I have a excel data source which has two coloumns (flg,div). I want to import data from excel data source, before importing i want to validate the coloumns. I have only one condition to validate the excel source. 1. It should have a DISTINCT div. flg div 1 sec a 0 sec b 1 sec c 1 sec d 1 sec a Suppose in the div coloumn there are two sec a, Instead of inserting 2 rows i want to insert only single row of sec a. Somthing like a DISTINCT functionality I guess we can achieve by using a script component to validate the excel sheet before loading.
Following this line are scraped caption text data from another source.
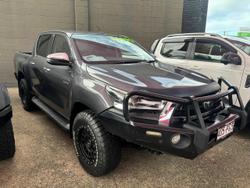 2021 Toyota Hilux SR5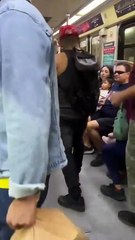 ¡Como si fuera un ring! Pasajero atacó al guardia de seguridad dentro de un Tren Ligero (VIDEO)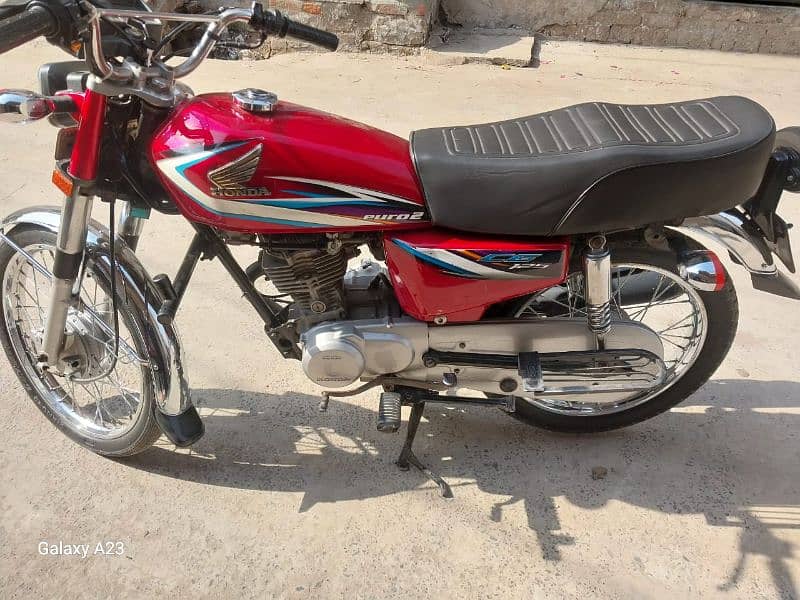 sell my Honda cg125 new condison 1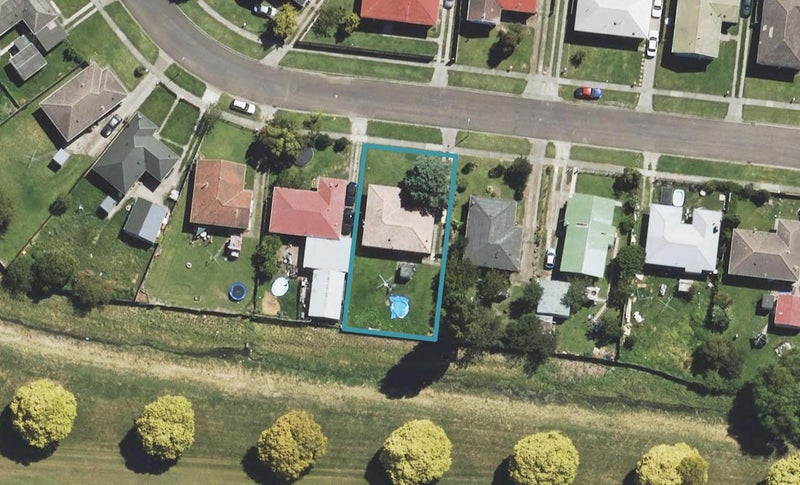 11 Lawrence Street, Outer Kaiti, Gisborne - Carousel 1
Can please anyone help me with this?? Or is there any other way ..please recommend.
You can use Open DataSource or OpenRowset SELECT DISTINCT * INTO XLImport3 FROM OPENDATASOURCE('Microsoft.Jet.OLEDB.4.0', 'Data Source=C:\test\xltest.xls;Extended Properties=Excel 8.0')...[Customers$] SELECT DISTINCT * INTO XLImport4 FROM OPENROWSET('Microsoft.Jet.OLEDB.4.0', 'Excel 8.0;Database=C:\test\xltest.xls', [Customers$]) SELECT DISTINCT * INTO XLImport5 FROM OPENROWSET('Microsoft.Jet.OLEDB.4.0', 'Excel 8.0;Database=C:\test\xltest.xls', 'SELECT * FROM [Customers$]')
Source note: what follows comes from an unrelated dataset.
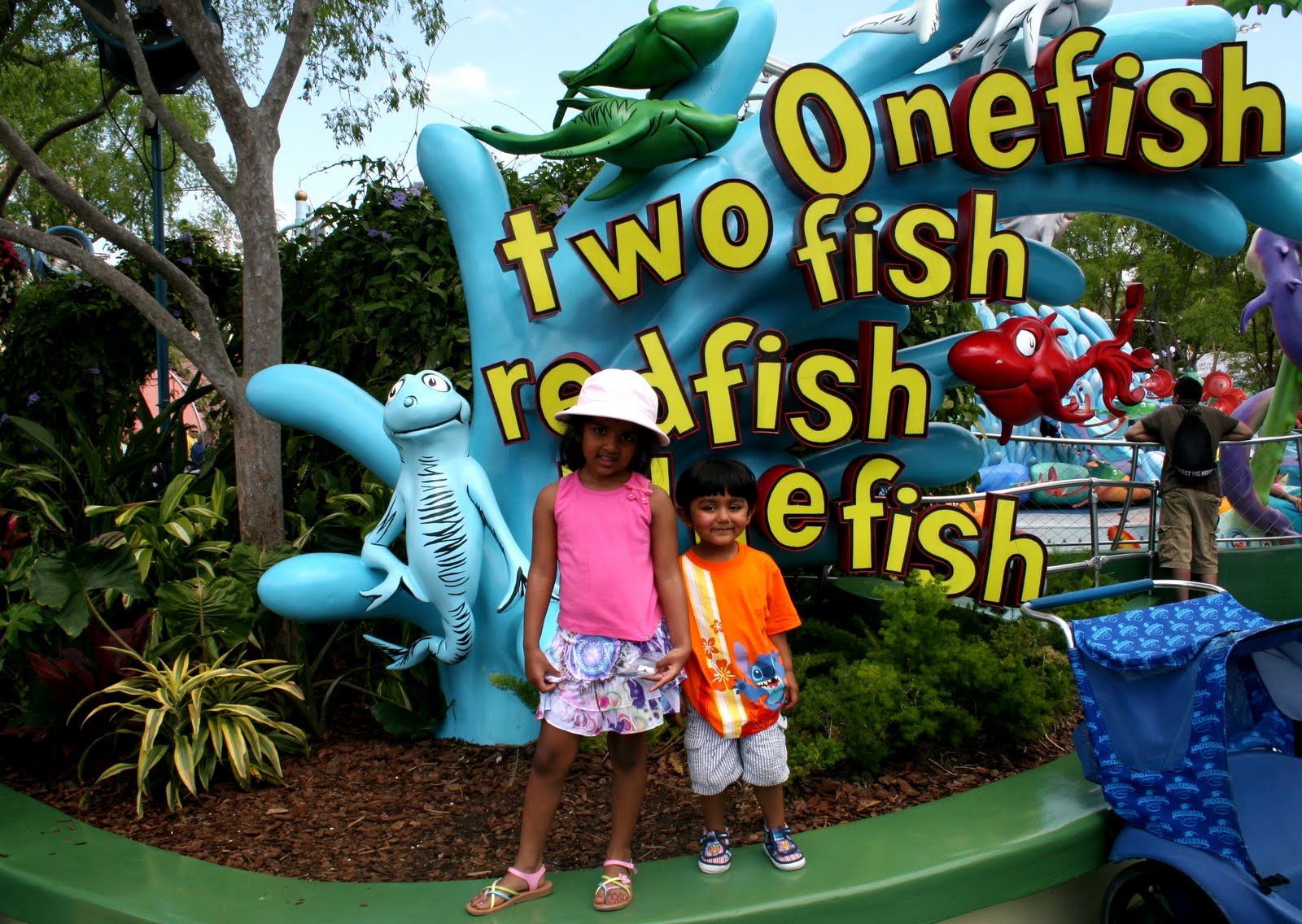 Cat In The Hat Hug Universal Orlando Cat In The Hat Hug Universal Orlando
If you want to insert distinct values, then validating the excel for distinct values is wasting of processing power if you really want to inset them. For that purposes you can use a **Aggregate Transformation** to group the input data to receive distinct values and then insert them. There is also a possibility to use a **Lookup Transformation with partial caching** for detection whether particular data were already inserted or not and in case of duplicity simply ignore the duplicate rows. In case you want only validate whether there are some duplicities, again you can use Aggregate Transformation, as you can calculate counts and distinct counts and then compare those values to detect whether there are duplicities or not.